The documentary follows two of the race’s principal jockeys – the arrogant 46-year-old veteran Gigi Bruschelli, who has won 13 Palios in 16 years and is vying to break the record currently held by the retired Andrea Degortes, known as “Aceto”, and the 29-year-old protégé Giovanni Atzeni, who now hopes to defeat his former mentor. The trajectory of the jockeys makes the composition of Palio feel more like a scripted film than a factual report. Spender has cleverly allowed the commentaries and footage to serve as backdrops to a dramatic rivalry between two men. In turn, the audience’s interest never strays.
Spender constantly reminds the viewer that the Palio doesn’t work like one thinks. The propulsive editing of the race sequences gives tracking shots of horse and jockey with the background out of focus. But it is what awaits in the background that becomes the driving force for the competitors. The winning jockeys are venerated and the losing jockeys treated like traitors. Spender visually captures the historic obsession with the summer horse race as she shares archival footage of a losing jockey pulled to the ground, dragged, and brutalised by crazed bystanders. The meticulous sound design and score create a claustrophobic environment that represents the life and traditions of the residents of Siena. The sole moments of audio without dialogue create an intensity that complements the frenetic images on screen.

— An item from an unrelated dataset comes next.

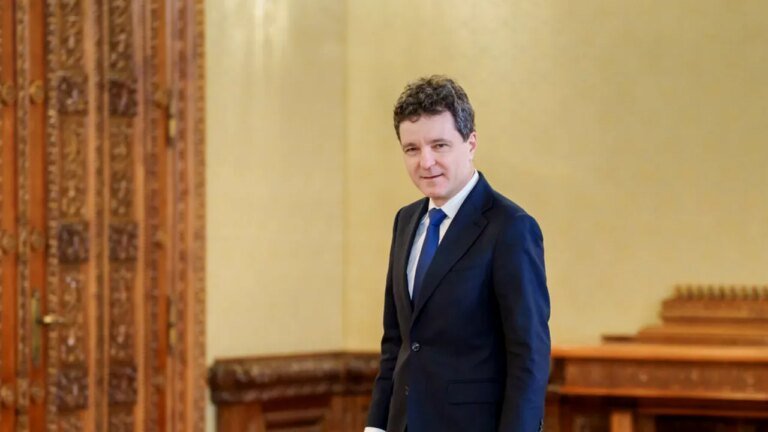 surse-din-administratia-prezidentiala:-„cel-mai-probabil-reforma-pensiilor-speciale-va-fi-trimisa-la-cjue”.-ce-se-intampla-cu-referendumul-din-justitie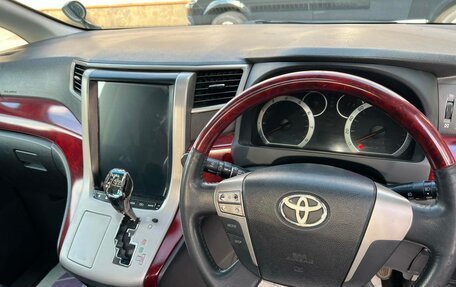 Toyota Vellfire I, 2010 год, 2 100 000 рублей, 11 фотография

Palio doesn’t spare the viewer from the disturbing. But it doesn’t spare one from the beauty either. It is the beauty, the romance and the corruption that makes the oldest horse race in the world a perfect microcosm of Italy itself. Spender’s documentary is at once a tribute to the culture surrounding it and also an indictment of it.
Scarlet Howes
Palio is released nationwide on 25th September 2015.